Adopt Rogue

I am…bold, inquisitive, and a symbol of hope for a lineage nearly lost. I just may be its lucky charm.

I am Rogue

Rogue was born at the Endangered Wolf Center on May 20, 2013. She is our “lucky 13,” also being the 1,300th Mexican wolf born into the recovery program since it was initiated in 1982 – a remarkable feat for a species that once had a breeding population of just seven individuals.

Rogue’s parents, Madre and Perkins, are descended from what is known as the McBride lineage, believed to be the last wild Mexican wolves, which were captured and brought into managed breeding efforts in order to rescue the population from extinction.

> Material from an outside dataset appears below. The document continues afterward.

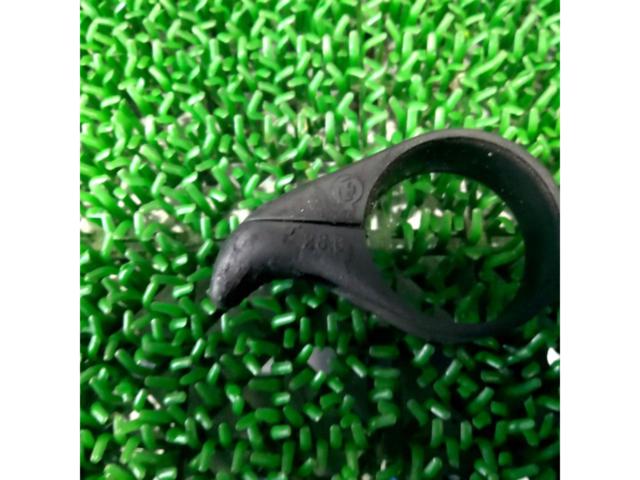 ※固定ボルト欠品 Φ28.6 メーカー不明 チェーンキャッチャー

Although both Madre and Perkins were experienced parents, Rogue’s birth was by no means a certainty. Madre turned 11 years old shortly before Rogue was born, and she had not had a litter in a few years. She and Perkins seemed to hit it off, though, and when spring arrived Madre showed signs of preparing for a litter.

Perkins, on the other hand, certainly seemed to know that he had a new pup on the way, as he began taking his job of guarding his pack’s territory very seriously. Sure enough, in the pre-dawn hours of May 20, den cameras showed Madre giving birth to two pups. Sadly, one of the pups was very small and weak, and it only survived for a few days. Rogue, however, was healthy and robust from the beginning. With the devoted care of both her parents, she grew rapidly from a squirming ball of fur into a gangly and inquisitive pup, intent on exploring the world beyond her den.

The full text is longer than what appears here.